Consider Jaccard similarity for now:

- Generate 20 different signatures for the documents: signatures matrix has signatures as rows and documents as columns

- Arrange signatures in 5 **bands**, with each band containing 4 **rows**.

- **Candidate Pair:** Any pair of documents whose signatures agree in **every**
    row in **some** band.

## Find Candidate Pairs

1. Hash documents to *buckets* such that similar documents are likely to
hash to the same bucket!

2. **Actually compare features** of candidate pairs

Benefits: Instead of $O(n^2)$ comparisons, we only need $O(n)$ comparisons to
find *approximately* similar documents!

## General Approach

- Choose distance measure for items

- Create a matrix of signatures using an **appropriate LSH family**

- Construct candidate pairs applying the LSH banding technique

- Choose a threshold fraction $t$ for *similarity* of items in order
  for them to be regarded as a *true pair*.

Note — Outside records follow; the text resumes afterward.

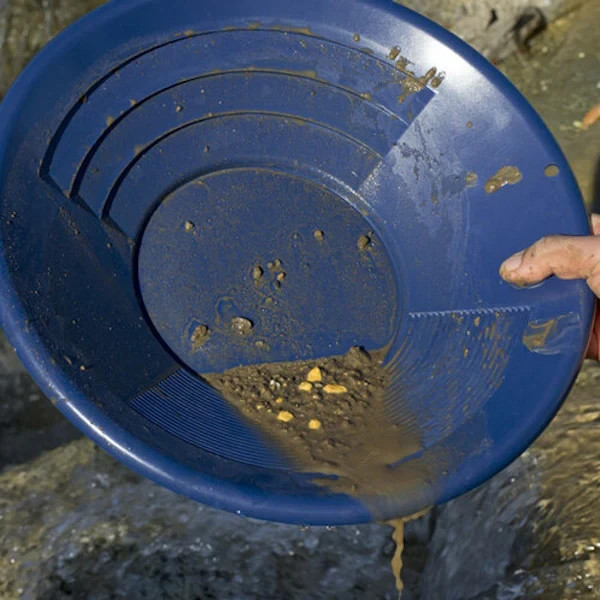 14″ Blue Riffle Gold Pan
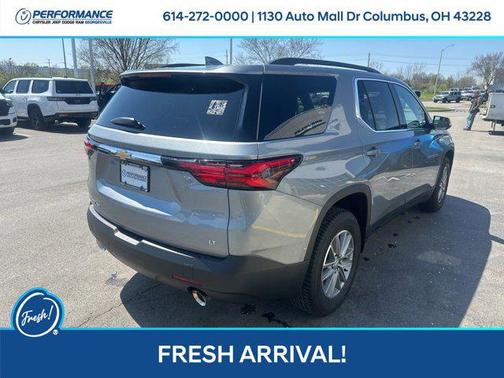 Sterling Gray Metallic 2023 Chevrolet Traverse LT Cloth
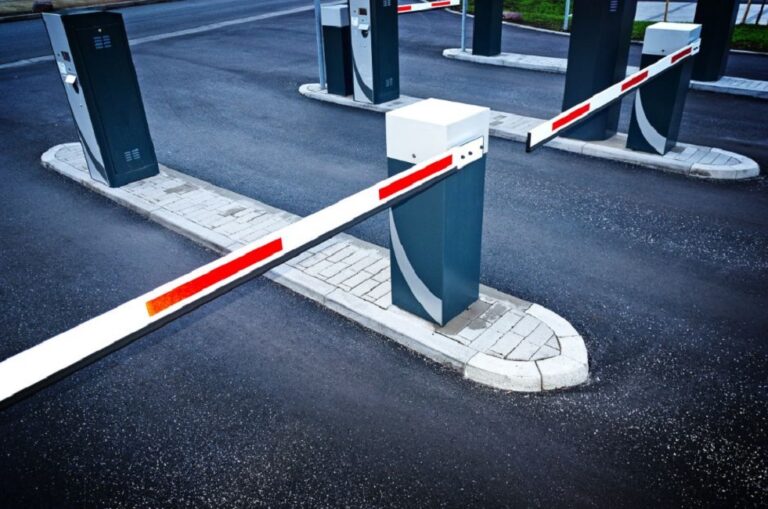 The Important Advantages Of Security Barriers In the Workplace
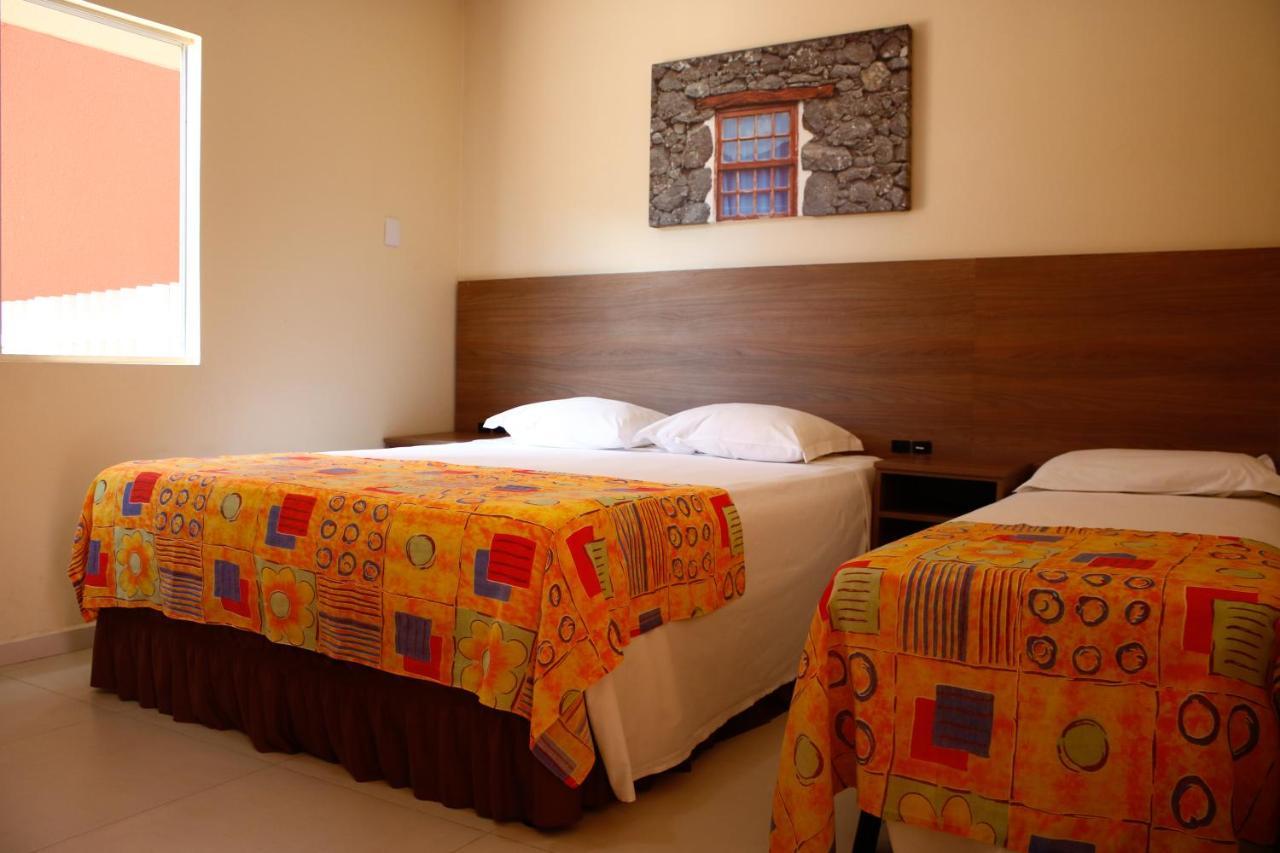 פנייה Hotel Acoriano מראה חיצוני תמונה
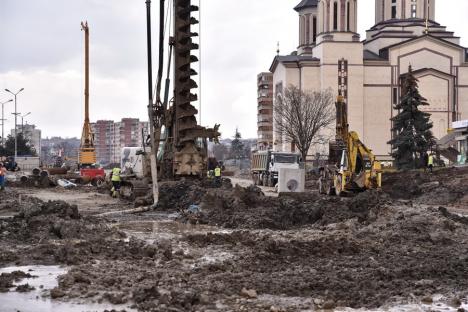 Șantierul de la Piața Cetate: Urmează lucrările la rampa dinspre catedrală și demolări pe strada Evreilor Deportați (FOTO)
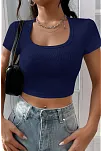 Kadın Lacivert Yarım Kol Düz Yaka Crop Top Bluz – Şık, Rahat Ve Kolay Kombinlenebilir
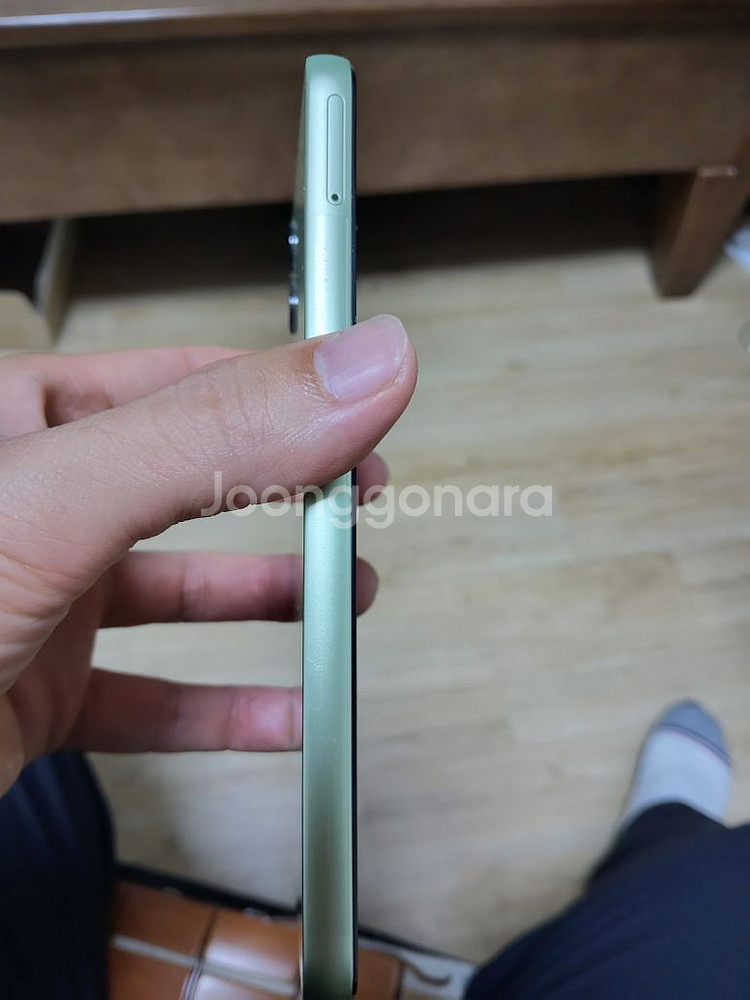 갤럭시 A24 128G 상태 좋은 폰 팝니다--1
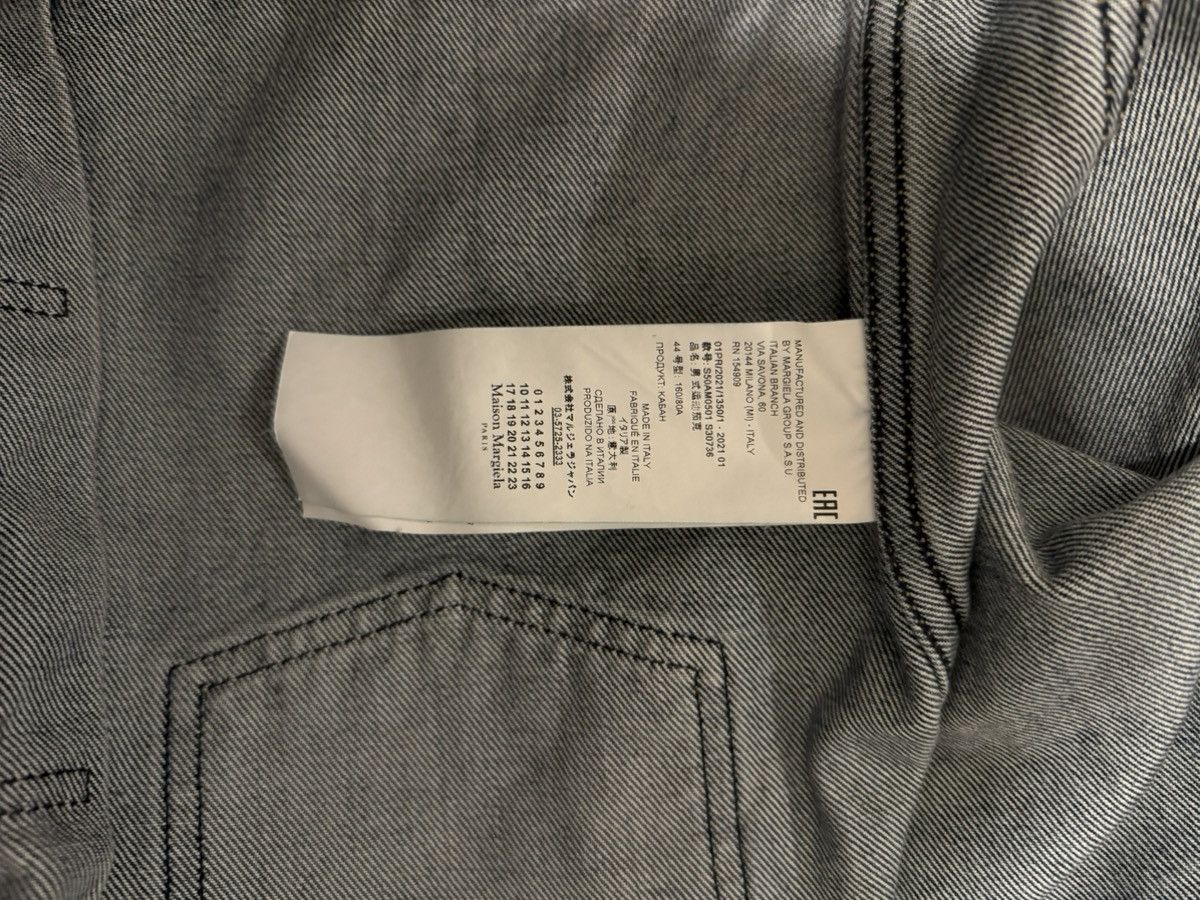 Maison Margiela Maison Margiela Distressed Trucker Size US S / EU 44-46 / 1 - 4 Thumbnail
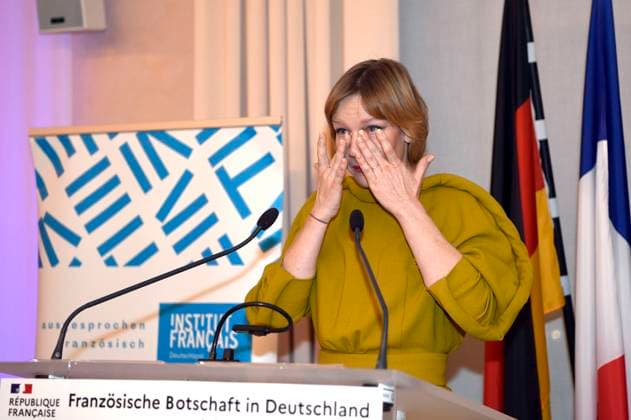 Sandra Hüller bei der Verleihung des Ordre des Arts et des Lettres an Sandra Hüller und Vicky Krieps im Rahmen der Berlinale 2023 73. Internationale Filmfestspiele Berlin in der französischen Botschaft. Berlin, 20.02.2023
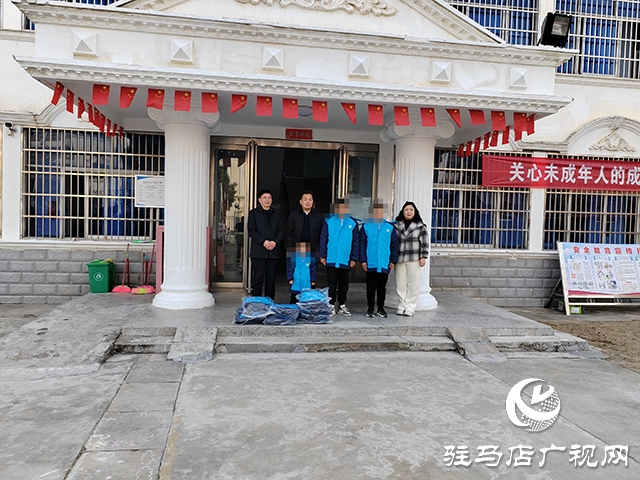 河南藍盾保安集團:暖冬贈衣傳大愛 情系童心護成長
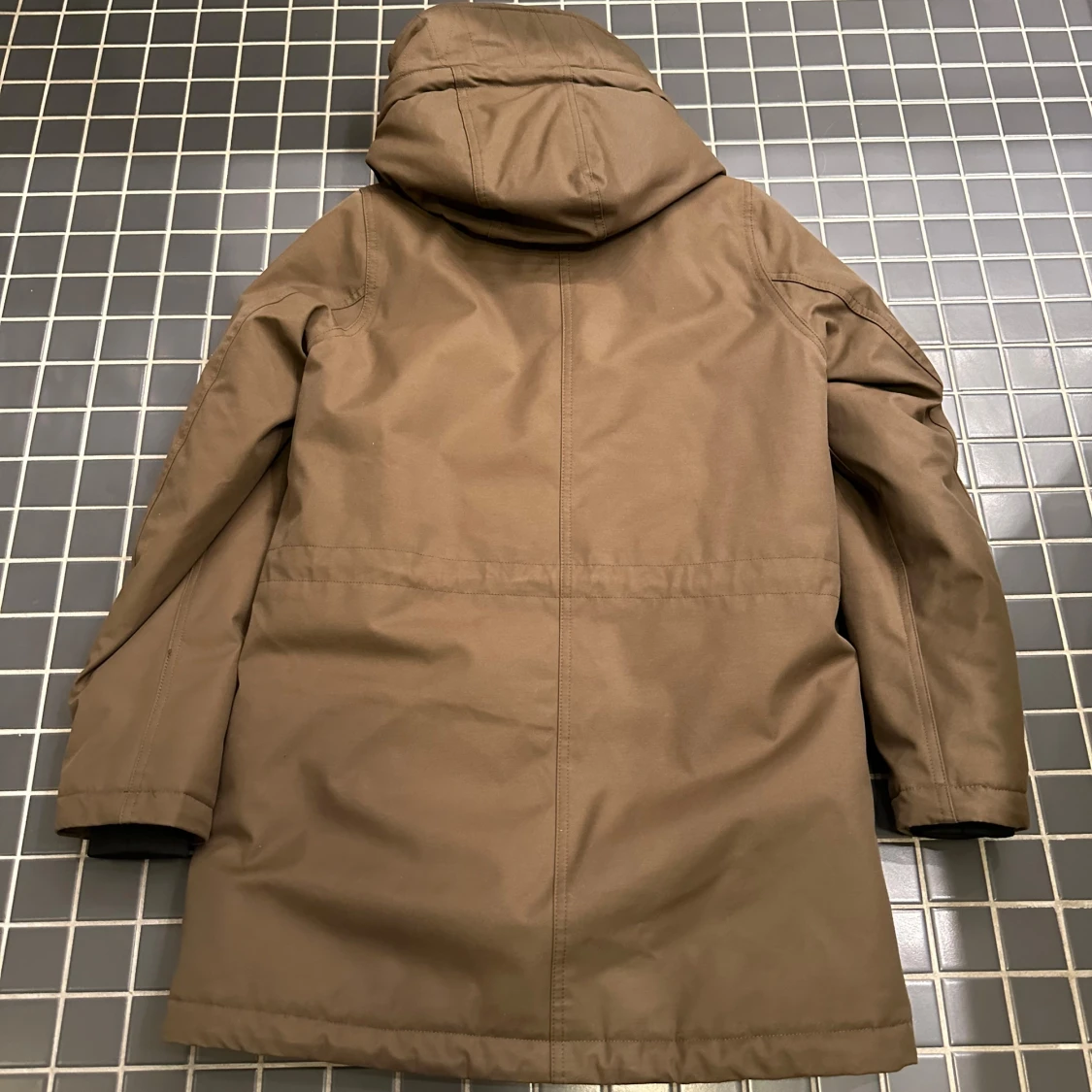 Brun vinterjacka från Elvine - 1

- Check if the signatures for the candidate pairs match in at least a fraction $t$, or if pairs are sufficiently similar, do a more fine-grained check.

## Cosine Distance

Distances equals angle (between 0 and $\pi$) between points in Euclidean space

- Can be computed with dot products of the vectors representing the points

- Distance is a metric

> Note: `scipy` treats the cosine distance as the **cosine** of the angle between points. Hence `scipy` cosine "distance' is not a distance metric! However, it is convenient because no `acos` (inverse cosine) computations are needed.

## LSH Family for Cosine Distance

- Data is a collection of $n$-dimensional points (treated as vectors)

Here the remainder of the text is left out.